General — 16 June 2018 — by Rowland A. Parks
Depositors asking court to close down Choice Bank

BELIZE CITY, Thurs. June 14, 2018– On Thursday, June 7, the Central Bank of Belize issued a press release announcing that it had placed the international offshore bank, Choice Bank Limited, under enhanced supervision due to the bank’s liquidity problems.

On that same day, however, a fixed date claim was filed at the Supreme Court Registry by some of the bank’s depositors. The claimants in the lawsuit are seeking relief from the court to close down Choice Bank.

The court document stated, “The Claimants seek the following orders pursuant to Section 105 of the International Companies Act, Chapter 270 of the Substantive Laws of Belize, read along with Section 131(a) of the Companies Act, Chapter 250 of the Substantive Laws of Belize and the inherent jurisdiction of the Court: An Order that the Defendant, Choice Bank Limited, be wound up by the Court under the provisions of the International Business Companies Act; Costs and such further or other relief as the Court sees fit.”

Companies seeking to have the court close Choice Bank Limited include Orion Corporate & Trust, AC Webconnecting by t/a Shoshoro NV, ACWM and Live Pimpin, Oasis Global Belize Limited, and Oasis Global Nevis Limited.

The court document went on to say that the company carries on business as an international bank with authorized capital of $8,600,000, and that the claimants operated demand deposits accounts with the bank, which is named in the lawsuit as defendant.

Claimants in the lawsuit have itemized the amount of moneys that the bank owes to them, which is estimated to be about $4 million US dollars. The claimants have also attached a list specifying the dates when the company (Choice Bank) was served with demands by their attorneys to pay the moneys owed.

“Over 21 days have now elapsed since the Claimants served the said demands, but the Company has neglected to pay or satisfy the said sums or any part thereof, or to make any offer to the Claimants to secure or compound same,” the court document said.

“The Company is, pursuant to Section 131 (a) of the Companies Act, insolvent and unable to pay its debts; and in the circumstances it is just and equitable that the Company should be wound up,” states the document.

The case against Choice Bank will come up for mention before the Honorable Madam Justice Shona Griffith on Wednesday, June 27 at 10:00 a.m.

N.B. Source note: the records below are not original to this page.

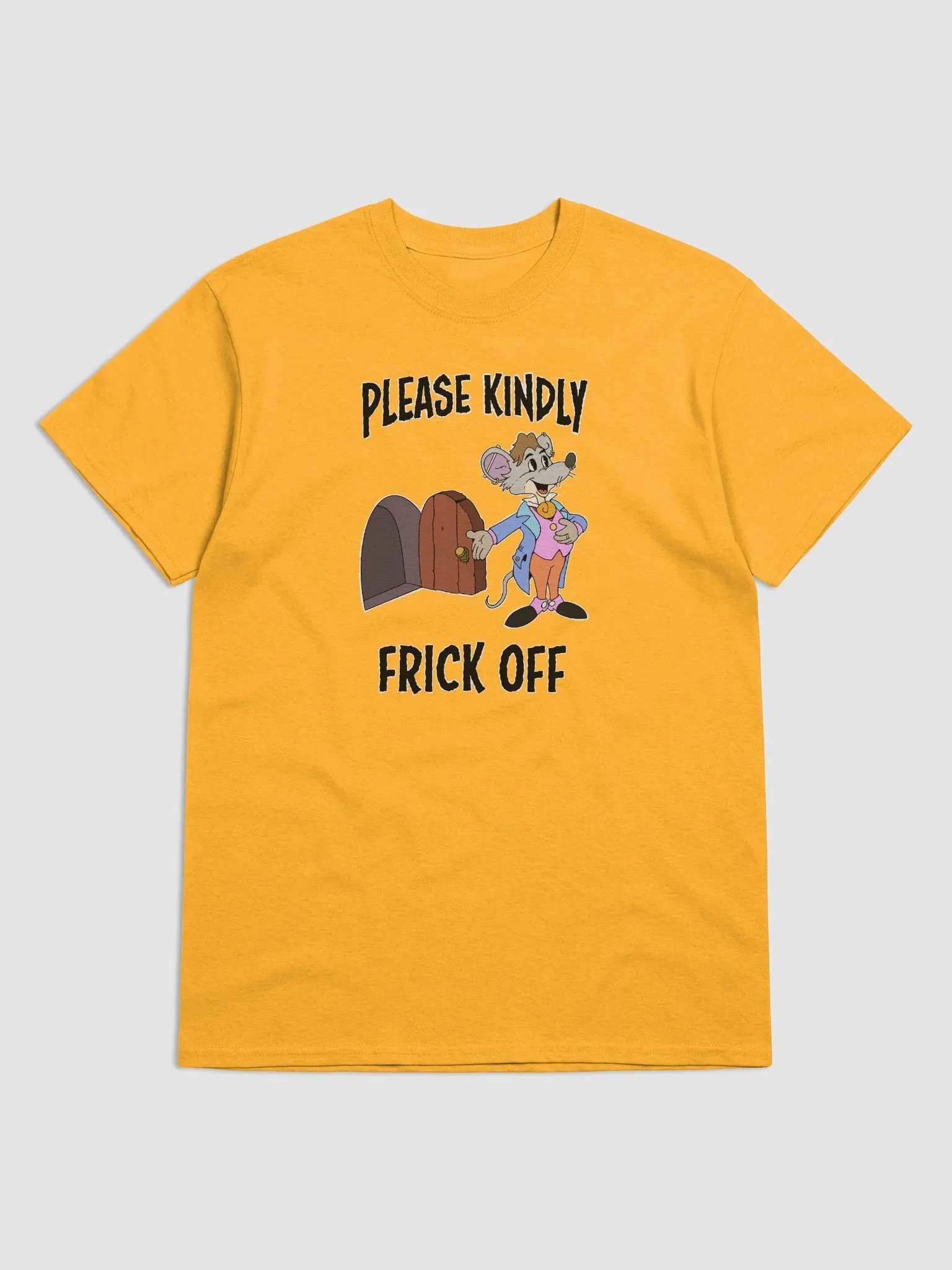 Thank You, Kindly product image (9)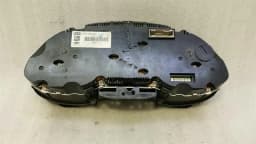 AUDI Audi A4 8K 8K0920981D Instrument Cluster RHD MPH Right Hand Drive 2.0TDI — thumbnail 5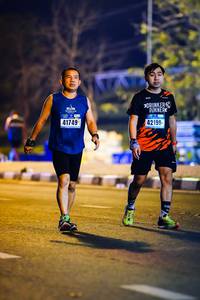 BIB: 41749, 42199
                            <button type="button" onclick="openModal(18261707)" class="btn btn-primary btn-sm float-right btn-popup" data-toggle="modal" data-target=".modal-high-quality">
                        <i class="fas fa-shopping-cart"></i> Add to Cart
                    </button>
                                            <button type="button" onclick="isThisMe(18261707, true)" class="btn btn-success btn-sm float-right btn-popup btn-isme hidden" data-toggle="tooltip" data-placement="bottom" title="นี่คือรูปของคุณใช่ไหม คลิกที่นี่เพื่อเอาเข้าอัลบั้ม">
                        <i class="fas fa-plus"></i> Add to album
                    </button>
                    <button type="button" onclick="isThisMe(18261707, false)" class="btn btn-warning btn-sm float-right btn-popup btn-isnotme hidden">
                        <i class="fas fa-ban"></i> Remove from album
                    </button>
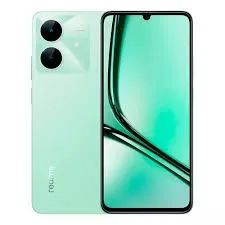 Smartphone Realme Note 60s - Foto 3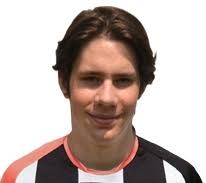 Hobby-Fußball-Liga Graz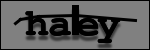 Texte à identifier
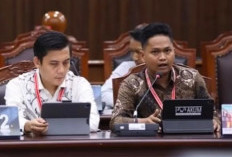 Iwakum Kecam Hotman Paris, Tuntut Minta Maaf usai Diduga Hina Wartawan 
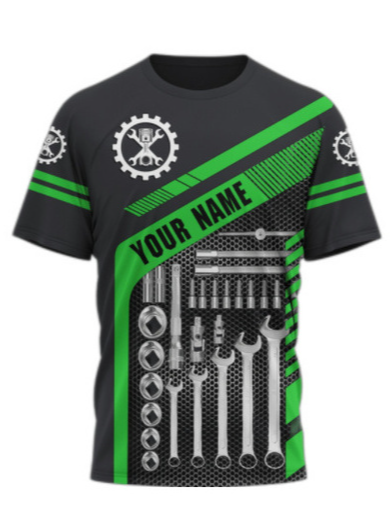 

Casual Regular Fit Crew Neck Printing Short Sleeve T-Shirt Mens, Color5, T-Shirts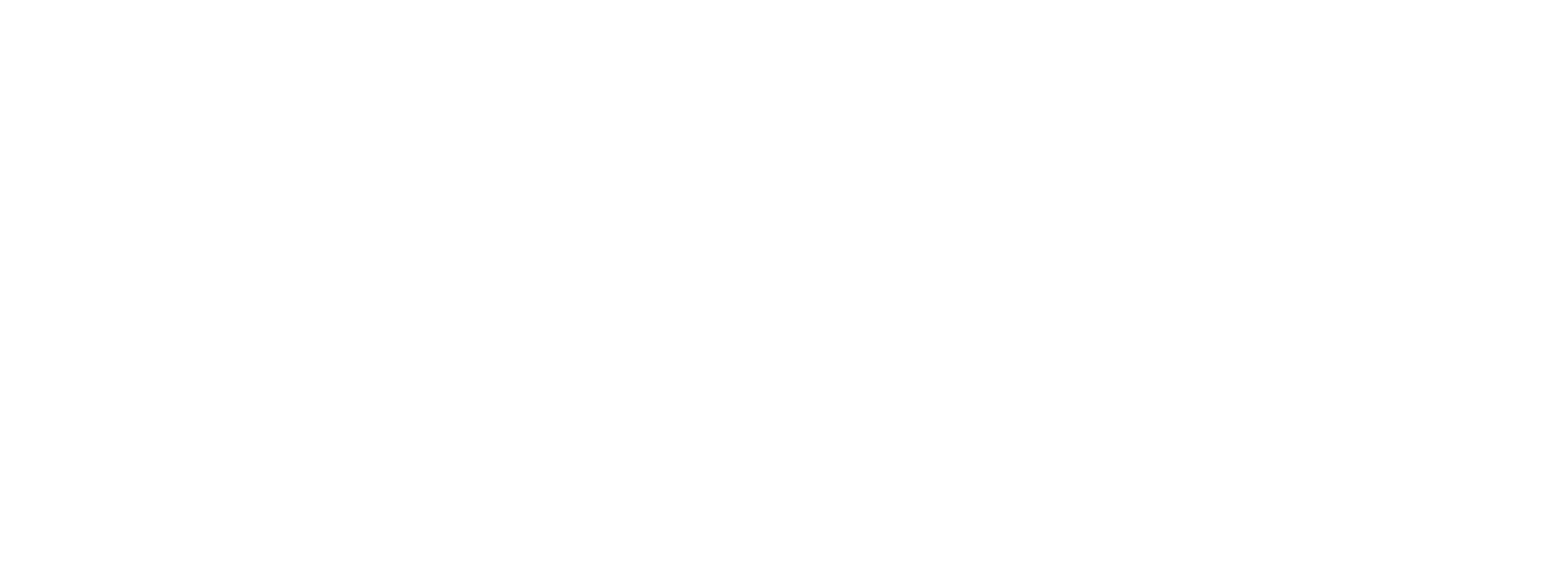 thinkbiz logo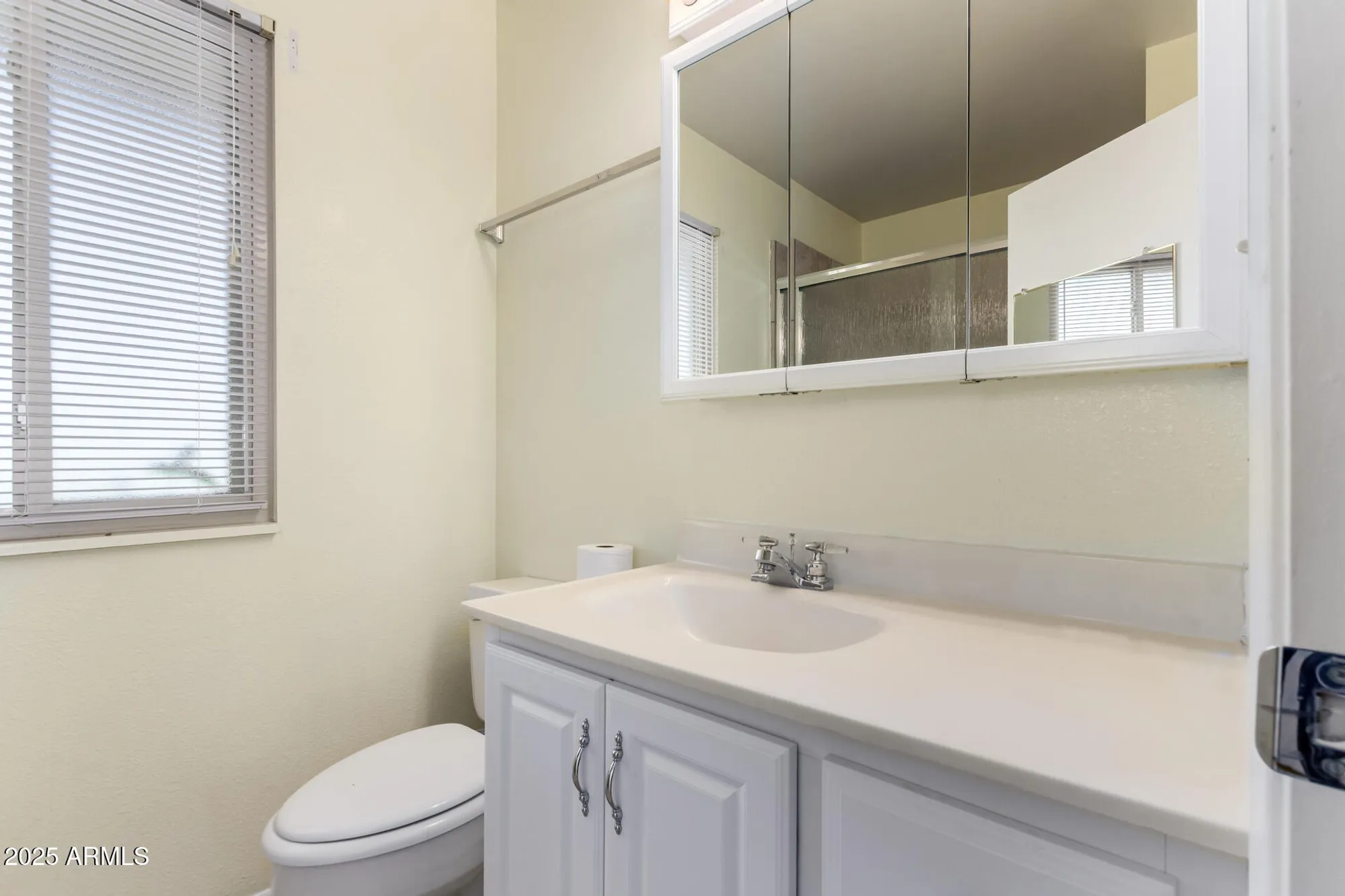 Property Slideshow image 25 of 37 | 10012 w bolivar dr, Sun City, AZ, 85351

In mid-May, Prime Minister Dean Barrow, in his capacity as Minister of Finance, told the media, “…I signed a letter based on the recommendation of the Central Bank giving the Central Bank broader powers than would normally be the case to, as it were, ensure that the bank’s [Choice Bank] continued operations would be with a view to seeing all their depositors and customers satisfied as far as is possible.”

On Monday, we asked the officials at the Central Bank via email, “Information to our newspaper is that the bank has pretty much wound down its operations in Belize and will be located in another jurisdiction. How come the Central Bank is just addressing the shortcomings of the bank and its depositors? Isn’t the Central Bank’s action a little too late to ensure that depositors are afforded the necessary protection under laws of Belize?”

The officials at the Central Bank replied, saying, “Kindly note that the Central Bank of Belize is not ‘just addressing the shortcomings’ of Choice Bank Limited (CBL) operations in Belize.       While the press release was issued on 7 June, 2018, this date is not indicative of the commencement of the actions by the Central Bank and does not disclose the extent to which the Central Bank has exercised its regulatory authority in this regard.”

The response from the Central Bank went on to explain that late in 2017 “…the Central Bank has been taking steps to address concerns with CBL’s operations, which were identified in the conduct of the Central Bank regulatory oversight function. Upon the CBL’s decision to suspend withdrawal of deposits on 9 April, 2018, the Central Bank immediately implemented an intense course of action.”

 It further stated that, “In light of information discerned from the enhanced monitoring and investigation, the Central Bank recommended that the Prime Minister issue preventative measures under Section 27 of the International Banking Act with respect to CBL.”

“There has been public speculation on the state of CBL’s operations in Belize. The International Banking Act provides for an international bank to be wound up either compulsorily or voluntarily. At this time neither the Central Bank nor CBL has initiated the formal process of winding up CBL. Currently, the scopes of CBL’s international banking operations are restricted, which is distinct from initiating winding up procedures,” the Central Bank stated in its reply.

The Central Bank did not respond to our question about the bank operating from another jurisdiction. Amandala has learned, however, that Choice Bank Limited has a subsidiary in Puerto Rico under the name “Choice Financial International”.

Choice Bank Limited first began operating in Belize in 2008, and up to 2014 had listed the following persons as directors: Robert Cummings, businessman of Toronto, Ontario Canada; Tyrone Gill, Belizean banker; Stephen Czechowski, chartered accountant, North Calgary, Canada; Yuval Tal, businessman, New York, N.Y. USA; and Rodwell Williams, Belizean attorney.